HMAS Brisbane leads international fleet into Sydney

Air defence and anti-submarine warfare are some drills planned for the 27th iteration of Exercise Malabar, hosted by Australia for the first time.

CAPTION: HMAS Brisbane’s ship’s company observe the Sydney Harbour fleet entry for Exercise Malabar 2023. Photo by Leading Seaman Matthew Lyall..

Warships from India, Japan and the United States have joined HMAS Brisbane and HMAS Choules for the east coast exercise from August 11-21.

Aviation, communications and replenishment at sea between ships are also planned – with Navy MH60R helicopters, RAAF F-35A Lightning II, Hawk 127 and P-8A Poseidon aircraft in support.

Brisbane led the fleet entry into Sydney Harbour for the exercise and Commanding Officer Commander Kingsley Scarce was looking forward to highlighting the capability of his crew and the Hobart-class destroyer.

“It’s my personal responsibility to maximise the combat capability of this ship and I use exercises like Malabar to make sure we are ready to do whatever the government needs us to,” Commander Scarce said.

The exercise also includes ships’ gun crews practising engagement of surface targets, using various weapons.

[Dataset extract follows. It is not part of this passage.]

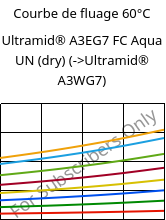 Courbe de fluage 60°C, Ultramid® A3EG7 FC Aqua UN (sec), PA66-GF35, BASF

One of Brisbane’s 5-inch gun crew is Able Seaman Jedd Bushell, who said it was important to regularly fire to maintain skills.

“It’s always been fascinating seeing other nation’s navies and how they like to do things, we always learn a lot,” Able Seaman Bushell said.

“It’s all about working together with our allied partners and performing serials to see how well we work together as a team.”

The exercise will begin with a harbour phase, including cultural exchanges and an Australia versus India cricket match.

Things will then transition to a sea phase, with practice for boarding operations.

“We might speak English, but we might not speak the same English and it’s very important we understand the human side of being interoperable with each other,” Commander Scarce said.

The exercise aims to build relationships to help the militaries get comfortable working with each other and ensure systems are interoperable.

“We’ll really test each other out and make sure we know exactly how we each work and how to work together more effectively,” Commander Scarce said.